(Records drawn from a dataset)
• • • • •

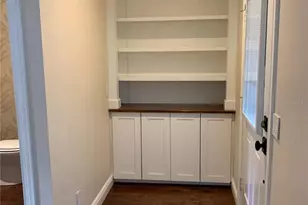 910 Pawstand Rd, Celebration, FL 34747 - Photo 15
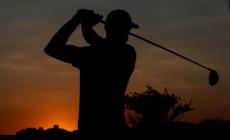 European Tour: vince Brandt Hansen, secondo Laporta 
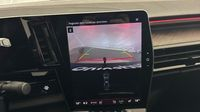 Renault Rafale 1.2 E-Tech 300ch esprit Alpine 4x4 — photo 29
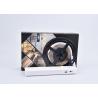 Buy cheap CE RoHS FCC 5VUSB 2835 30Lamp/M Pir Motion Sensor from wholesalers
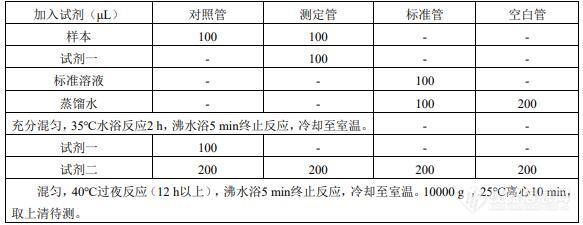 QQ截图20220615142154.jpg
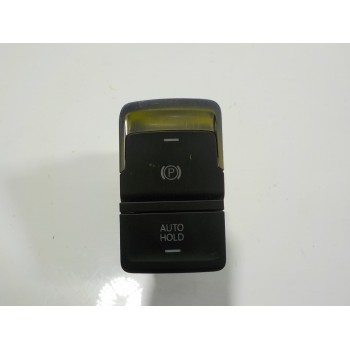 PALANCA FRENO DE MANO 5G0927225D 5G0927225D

• • • • •

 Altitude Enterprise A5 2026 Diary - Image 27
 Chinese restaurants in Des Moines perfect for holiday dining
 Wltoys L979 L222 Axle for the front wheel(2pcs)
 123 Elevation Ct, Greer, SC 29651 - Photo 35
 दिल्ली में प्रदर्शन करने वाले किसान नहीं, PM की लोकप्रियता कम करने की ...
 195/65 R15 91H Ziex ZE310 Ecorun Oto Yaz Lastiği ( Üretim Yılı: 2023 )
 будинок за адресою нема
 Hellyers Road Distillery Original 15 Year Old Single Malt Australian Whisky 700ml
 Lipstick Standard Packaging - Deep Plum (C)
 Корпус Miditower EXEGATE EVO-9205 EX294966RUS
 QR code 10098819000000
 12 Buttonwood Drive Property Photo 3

• • • • •

Copy the entries above exactly, but only from the line holding "Lipstick Standard Packaging - Deep Plum (C)" through the line holding "12 Buttonwood Drive Property Photo 3", both included.

[Written reply]
 Lipstick Standard Packaging - Deep Plum (C)
 Корпус Miditower EXEGATE EVO-9205 EX294966RUS
 QR code 10098819000000
 12 Buttonwood Drive Property Photo 3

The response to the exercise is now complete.